For example the unique priority of 10 items with their rating may be displayed in the below spreadsheet. In this example the department is rated with an average percentile of 80% and a weighted score of 1712 (by multiplying each percentage number by the weighted score and totaling the products). When the average percentage is multiplied by the total weighted score, they reveal a working score of 1369. The Coefficient of Confidence Rating (CCR) is a percent calculated by dividing this working score by the highest possible score (2100). That is, 1369/2100 = .65.

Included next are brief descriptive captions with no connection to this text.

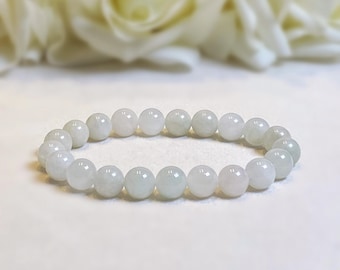 Genuine Jade Stone Bead Bracelet, Gorgeous White Color Gemstone Bead, Jade Healing Jewelry Natural Jade Gemstone Bracelet, Gift for Her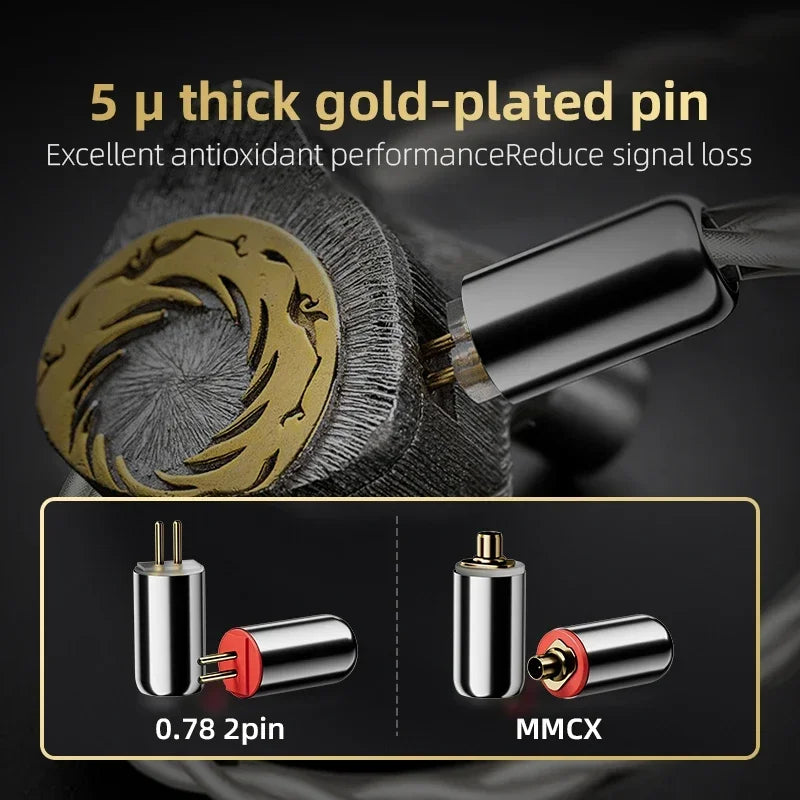 TODN Graphene-Enhanced 8-Core Silver-Plated 6N OCC IEM Cable, 192-Strand Litz Braided Audiophile Replacement Cable, 4.4mm Balanced to 0.78mm 2-Pin for In-Ear Monitors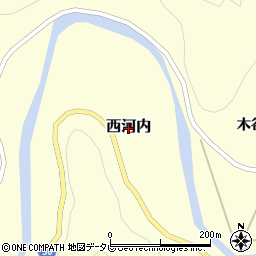 徳島県美波町（海部郡）西河内周辺の地図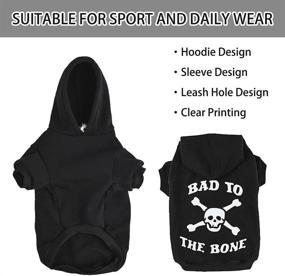 img 1 attached to 🐾 EXPAWLORER Bone Print Skull Cat Fleece Sweatshirt Dog Hoodies - Bad to The Bone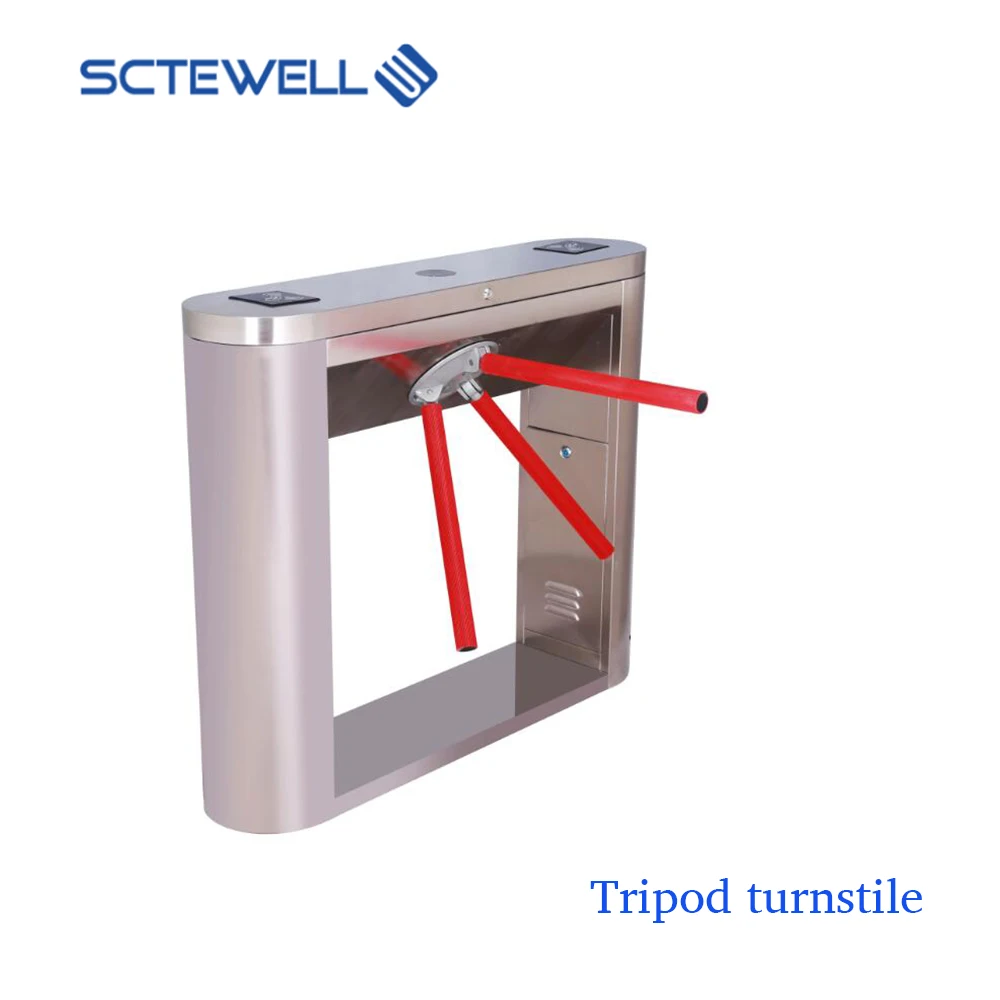 Security 304 Stainless Steel Tripod Turnstile Gates Drop Arm Turnstile QR Code Reader Three Roller gates Guangdong Manufacturer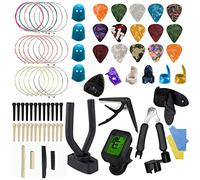TTCR-II 78 Pz Accessori per Chitarra Acustica Elettrica con Accordatore Chitarra, Capo guitar, Corde guitar, Plettri, Porta, Avvolgitore, Perni Ponte Sella e Dado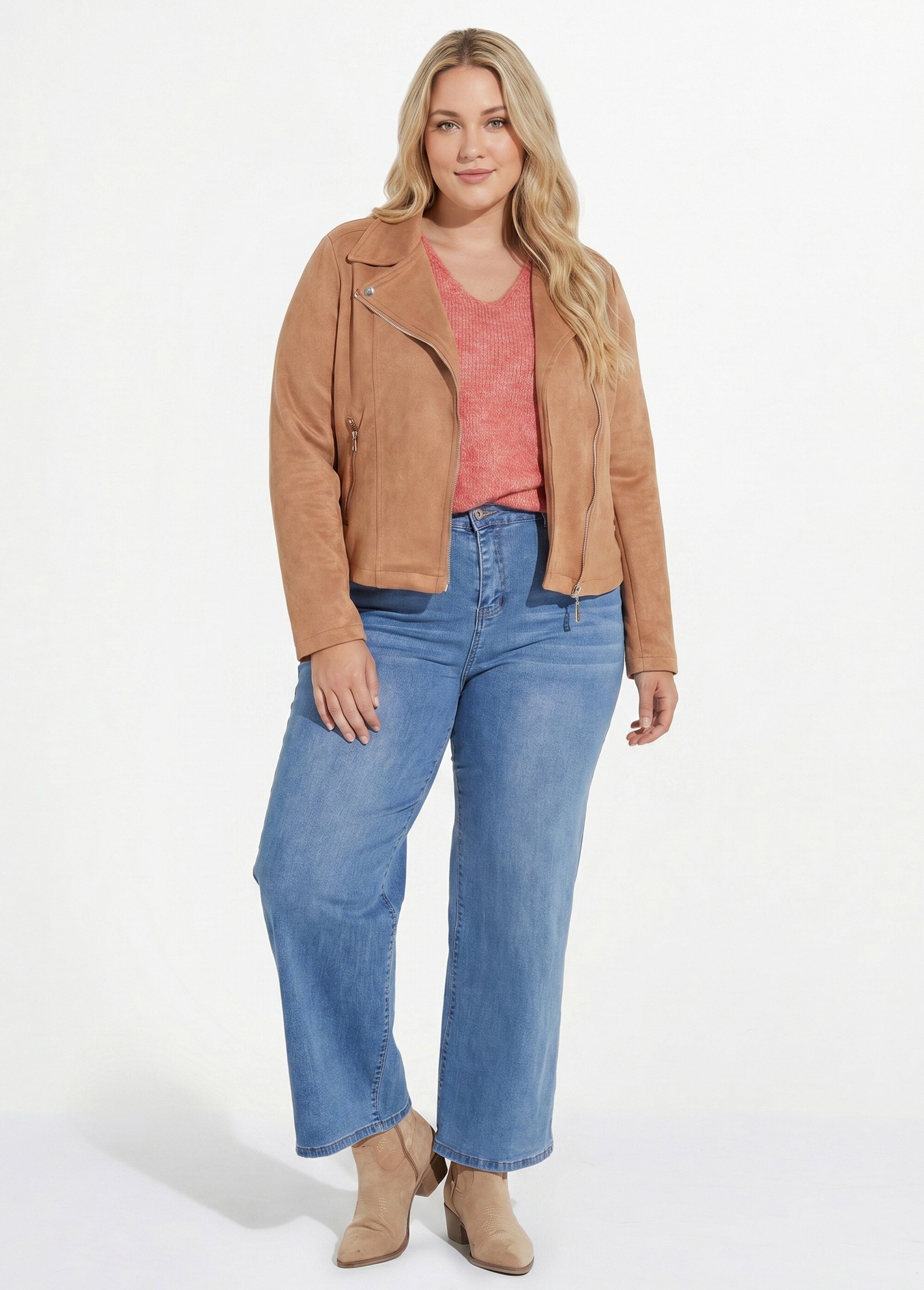 Veste de motard zippée en suédine Femme Grande Taille Marron CHY-H007 SI1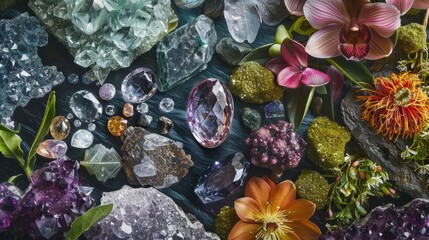 Gemstones with natural elements generative ai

In this example, the company scores CCR = .65 or 65% Coefficient of Confidence rating that the project will bring the desired outcome. We recommend that no project proceed with a CCR score less than 65%. The decision to proceed with the project is left to the client who will be given options as to how to improve the areas contributing to low rated areas if desired. For instance, we can pinpoint the importance of having executive management become more involved and the time frame for the scheduled project to be improved. Either or both of these changes would yield a higher confidence rating for the project. In other cases the Coefficient of Confidence™ rating becomes a tool to educate a highly charismatic CEO about the importance of adopting an egalitarian relationship with the management team in order to raise the confidence rating. The rating objectified observations about each corporation make it possible to convey honest information that is often previously unarticulated. Indeed, the CCR becomes an interface to convey vital knowledge about how to succeed with those who need clear-sightedness, solid data, and sound reasoning.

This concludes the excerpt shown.